Have you also thought about selecting feature films by students?
Yes, we do usually show them, as in Kohki's case. In the past, we also organised a sidebar with feature films by people who had come with short films before. This year, it's only one of them we have got in touch with. I hope that we will have more people next year.

What guidelines do you follow when selecting the other feature films?
The main goal is to show movies that are still clinging to the roots of arthouse cinema, by auteurs who are accessible, who Emir can get in touch with and organise their trip over here and their stay. Of course, we want to have movies that are socially involved somehow, and so on. 

The festival screens mostly foreign (arthouse) films. Was this a deliberate decision?

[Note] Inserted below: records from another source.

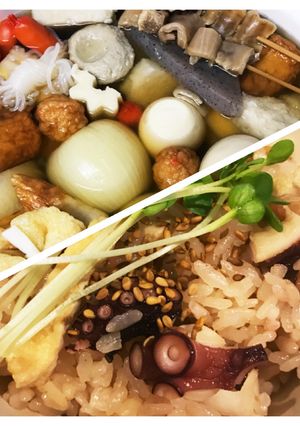 おでん(玉ねぎ入り・関西風)&蛸めし-レシピのメイン写真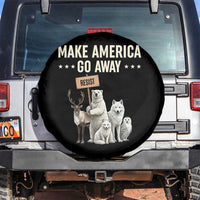 Make America Go Away Spare Tire Cover Greenland Support Gift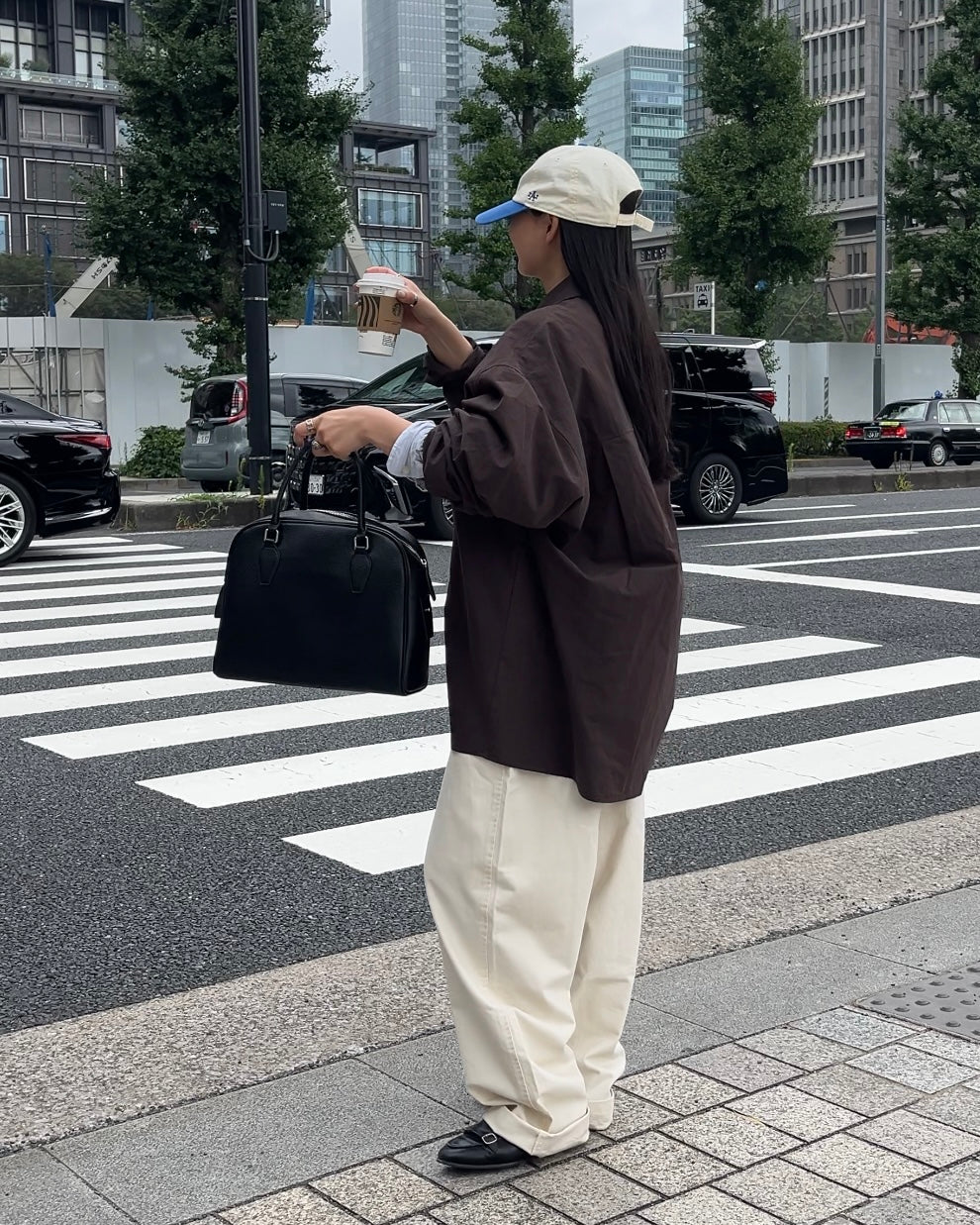 [9/18new][予約]Cotton Wide-Leg Pants 10月初旬～中旬入荷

It depends on the quality of the year’s films. Regarding Serbian cinema, this year we have had many good short films, but we didn’t get to have a feature film we loved. It’s not a rationally planned decision to do it that way. Regarding foreign arthouse films, in Serbia, there is definitely a problem with the distribution of movies. It is very rare to see any arthouse titles showing in the cinemas in Belgrade. It seldom happens, and if it does, it doesn’t last long – Hollywood movies are definitely dominating the place. For example, a highlight of this year’s edition is the Decolonizing Cinema section. What I found very touching in these selected arthouse movies is that they talk about characters or even a world that still shows some kind of ideology, some faith in the idea of freedom or changing the world to make it a better place. I think that is something that art is losing quite a lot.